Bob Howes

Profile
- Position: Centre

Personal information
- Born: January 4, 1943 Kirkland Lake, Ontario, Canada
- Died: February 16, 2026 (aged 83) Orillia, Ontario, Canada
- Listed height: 6 ft 4 in (1.93 m)
- Listed weight: 246 lb (112 kg)

Career information
- University: Queen's

Career history
- 1968–1971: BC Lions
- 1972–1981: Edmonton Eskimos

Awards and highlights
- 5× Grey Cup champion (1975, 1978−1981); CFL West All-Star (1973);

= Bob Howes =

American football player (1943–2026)

Robert Alexander Howes (January 4, 1943 – February 16, 2026) was a Canadian professional football offensive lineman who played fourteen seasons in the Canadian Football League (CFL), mainly for the Edmonton Eskimos.
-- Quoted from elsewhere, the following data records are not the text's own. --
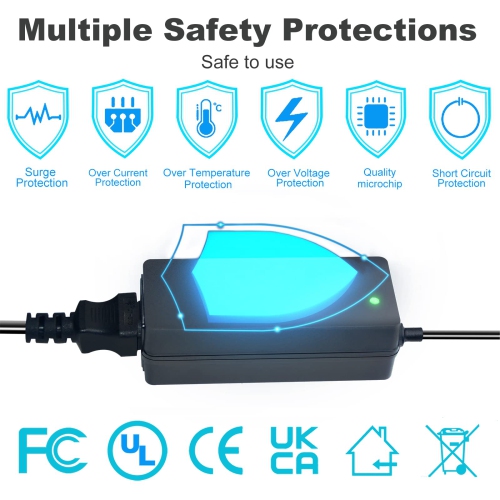 12V 5A Power Supply AC/DC Adapter, AC 100-240V to DC 12V Power Adapter Converter Transformer with 14 DC Tips, US Plug Switching 12 Volt 5 Amp 60W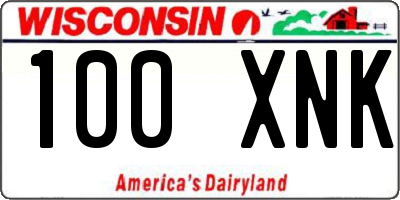 WI license plate 100XNK
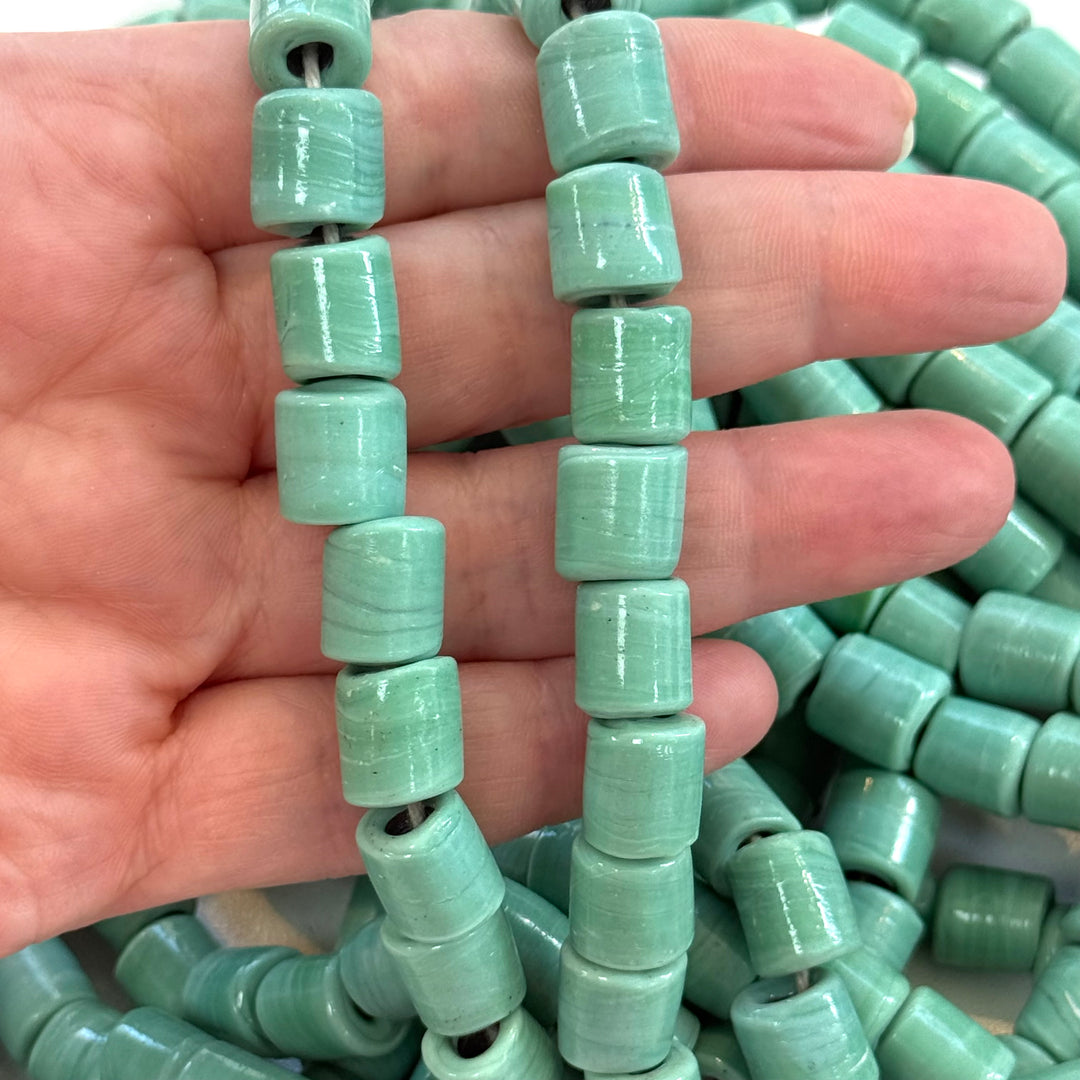 Traditional Turkish Artisan Handmade Cylinder Glass Beads, Large Hole Glass Beads, 10 Beads in a pack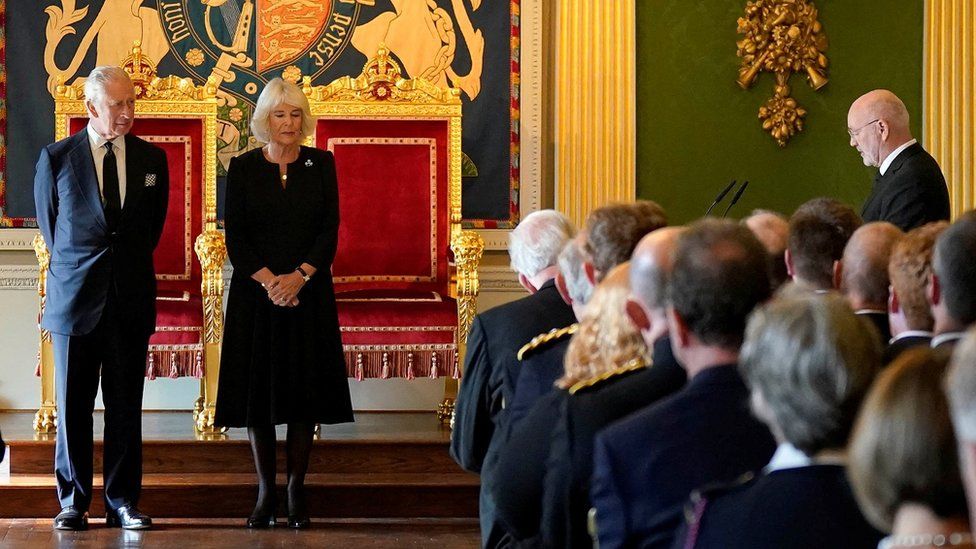 The King receives condolences from Northern Ireland's Assembly speaker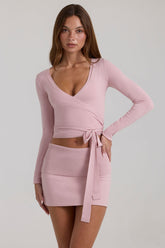 Soft Knit Wrap Top in Blush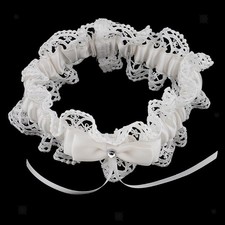 Wedding Bride Keepsake Lace Flower Crystal Bowknot Bridal Women Garter Beige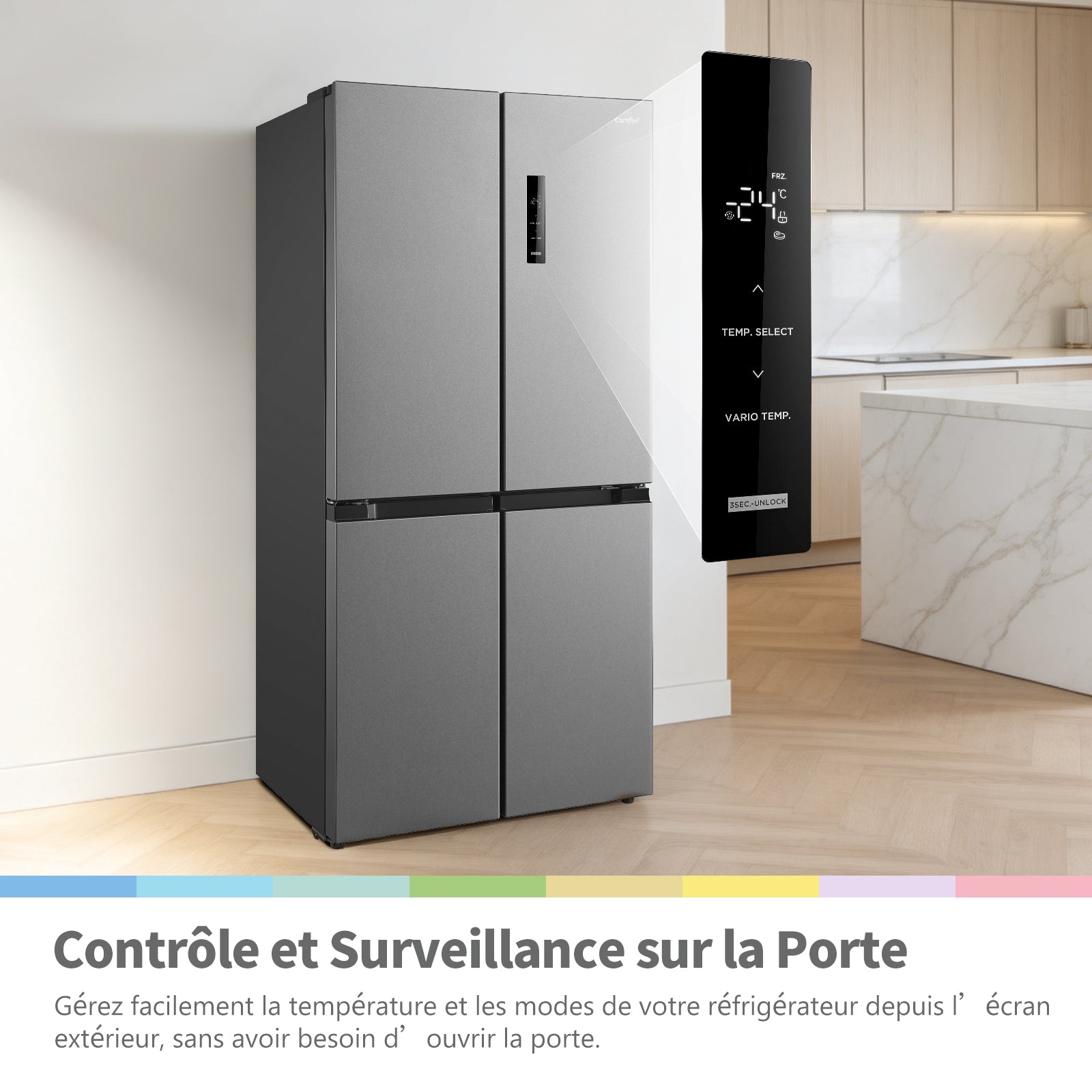 Comfee by Midea' RCF470LS2EU(E) Réfrigérateur 4 portes 474 L | Vario Box | Tiroir à légumes avec 3 températures | Plateau basculant | Contrôle et surveillance de la porte non ouverte – Argent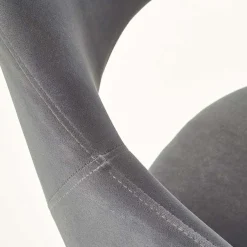 Garnero Arredamenti Set 2 sedie soggiorno moderne imbottite in velluto grigio Alma Clearance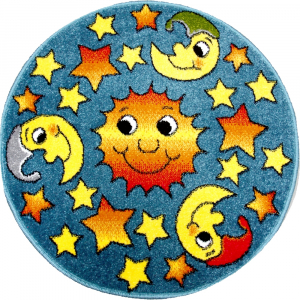 Covoare Copii - Covor Kolibri, Rotund, Luna si Stele, 11081, 67x67 cm, 2300 gr/mp
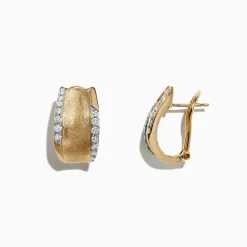 Effy Jewelry D'Oro 14K Yellow Gold 5/8" French Clip Diamond Earrings, 0.39 TCW | Earrings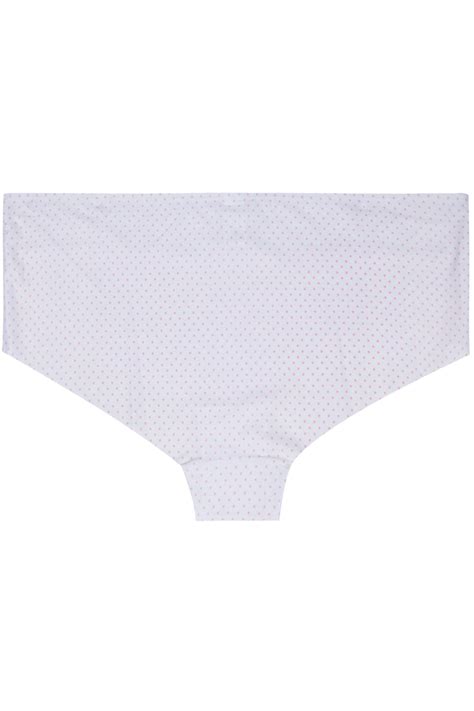 White And Pink Polka Dot No Vpl Brief With Lace Waist Trim Plus Size 14 To 32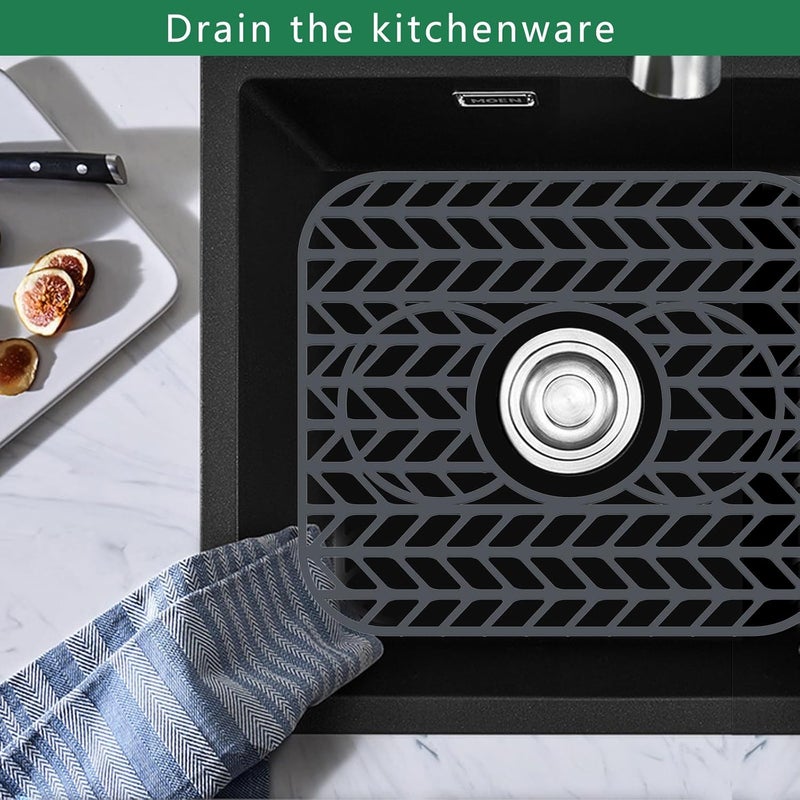 GUUKIN Sink Protectors for Kitchen sink, 13 5/8" x 11 5/8" Folding Non-slip Silicone Sink Mat Grid for Bottom of Farmhouse Stainless Steel Porcelain with 3 Reserved Holes Pack of 2 - Image 3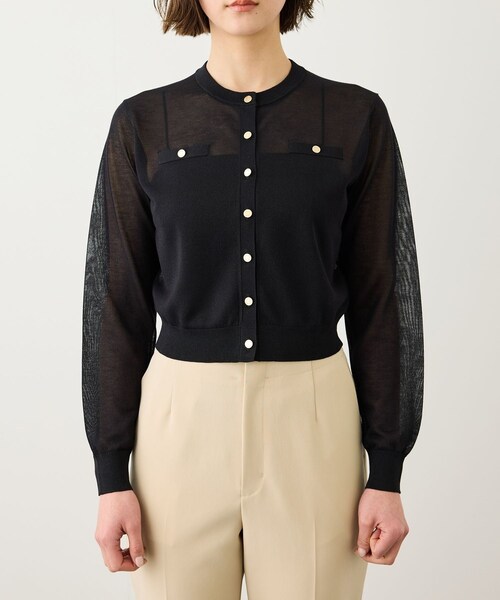 ROPE'(ロペ)の「LEVITA 金ボタンクルーネックシアーカーディガン/接触冷感・イージーケア(カーディガン/ボレロ・レディース・ブラック/ベージュ/レッド・F)」の22枚目の写真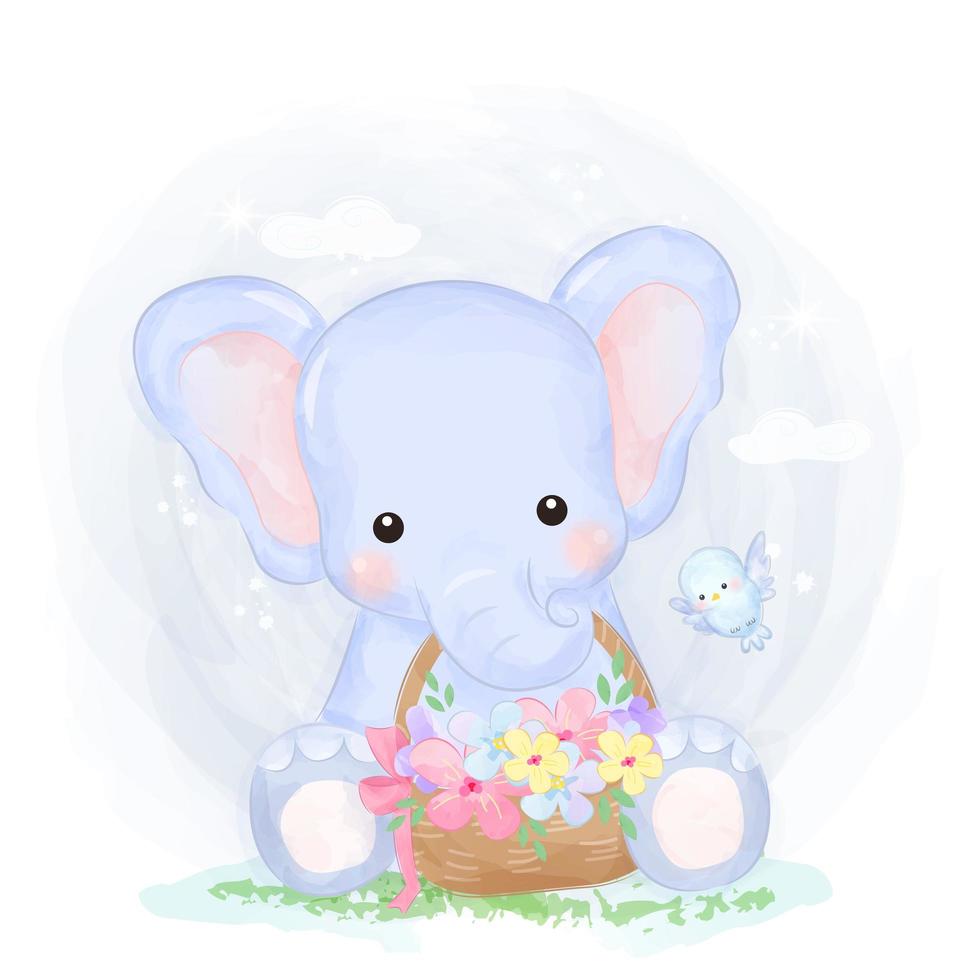 Adorable baby elephant holding flower basket vector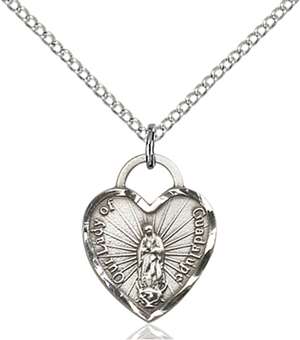 3408SS/18SS <br/>Sterling Silver O/L of Guadalupe Heart Pendant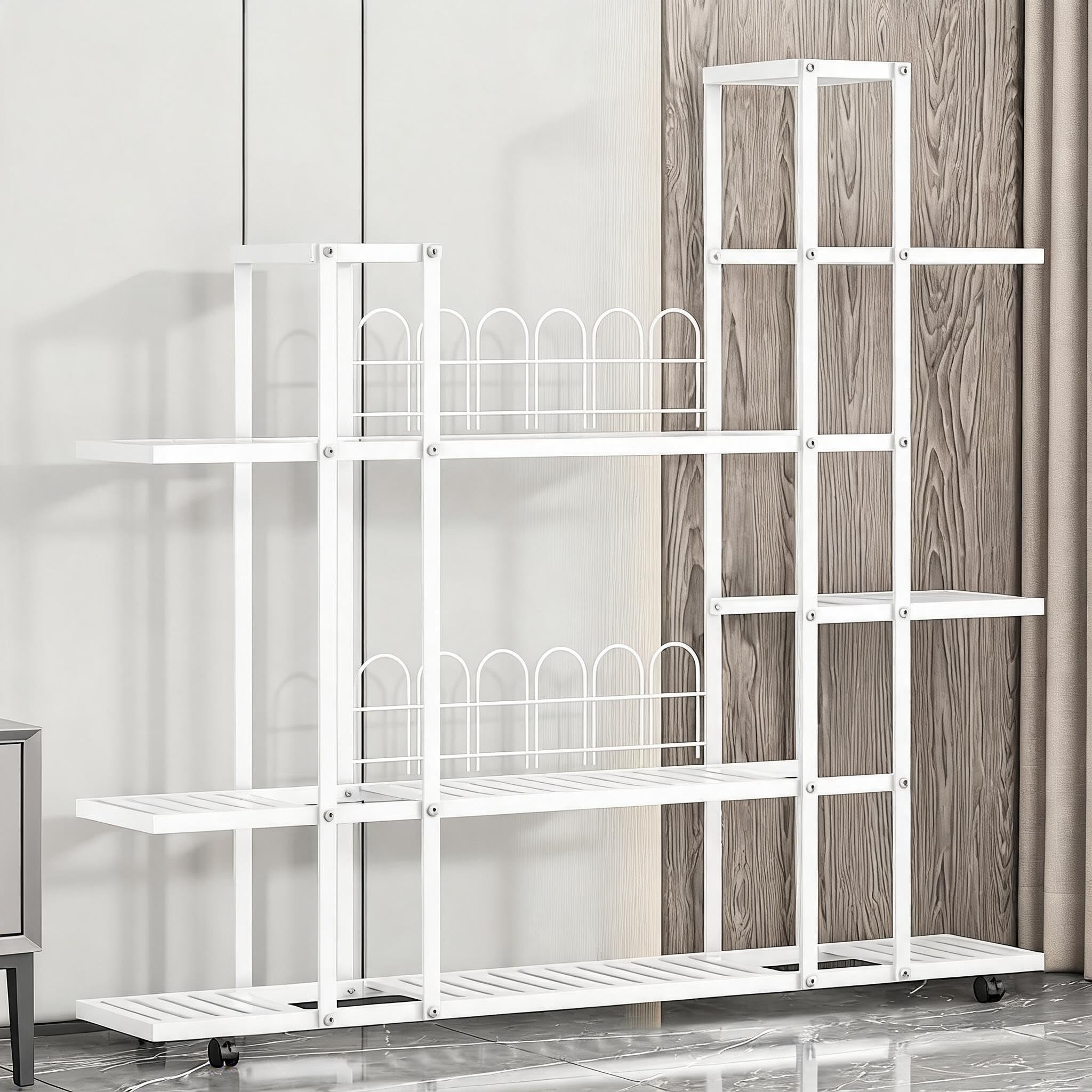 Garvee Porta Piante da Interno ed Esterno, Scaffale per Piante in Ferro per Vasi, Supporto Fiori con Ruote, Espositore Piante Salvaspazio per Soggiorno, Balcone e Giardino (7 Livelli (Bianco))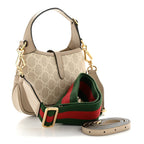 GG Supreme Monogram Textured Dollar Calfskin Mini Jackie 1961 Hobo Beige Mystic White Oatmeal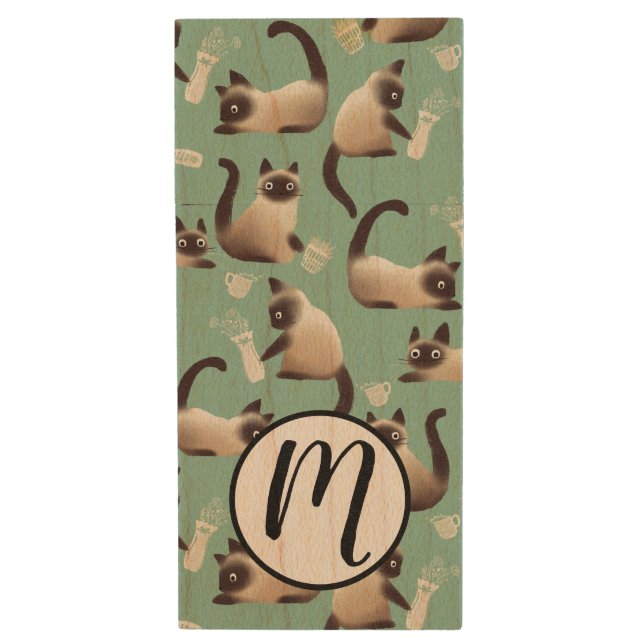 Bad Siamese Cats Knocking Stuff Over Wood Flash Drive (Front Vertical)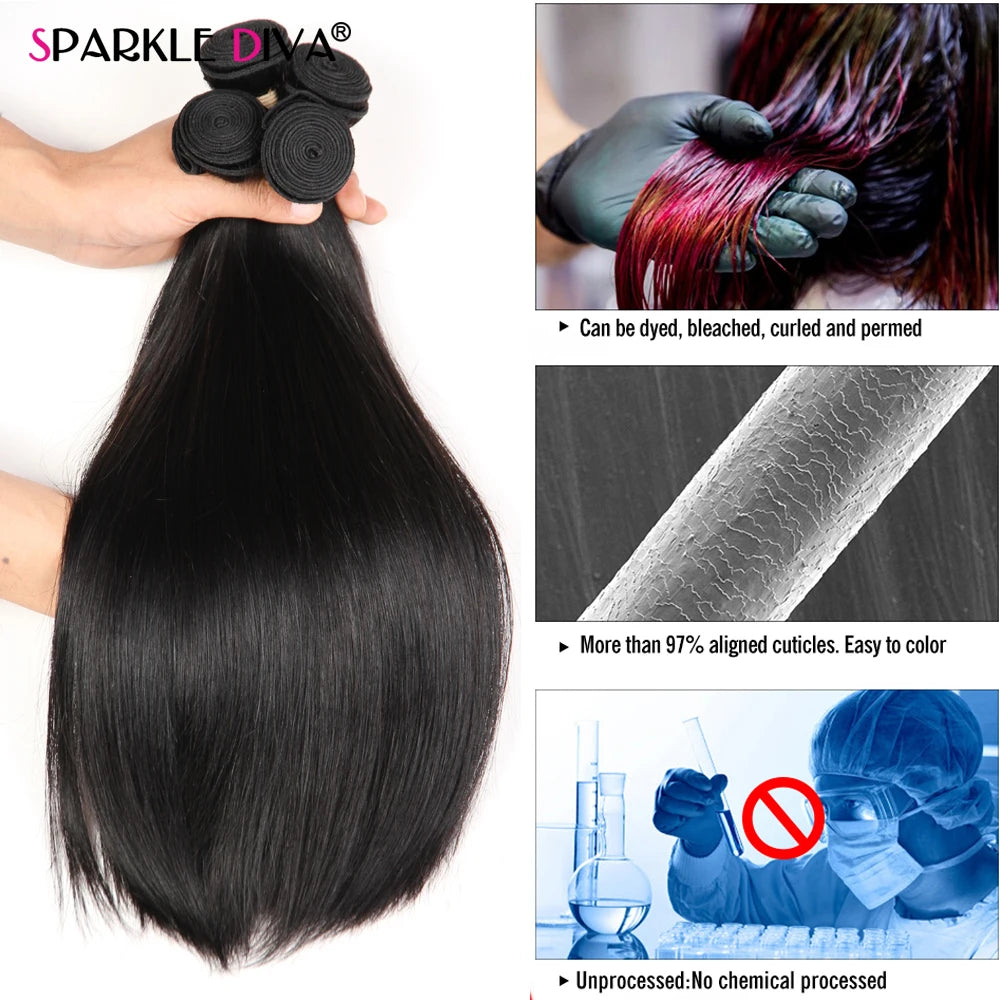 Bone Straight Human Hair Bundles 50G Extensions 100% Black 1/3/4 Pieces 8-30 Inche Brazilian Human Hair Bundle For Women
He was a part of five Grey Cup championship teams with the Eskimos. Howes played college football and basketball at Queen's University, and has coached the Queen's Golden Gaels football team for many years, both as an assistant and as head coach. His son Beau Howes played quarterback for the Gaels during the 1990s. Bob Howes died in Orillia, Ontario on February 16, 2026, at the age of 83.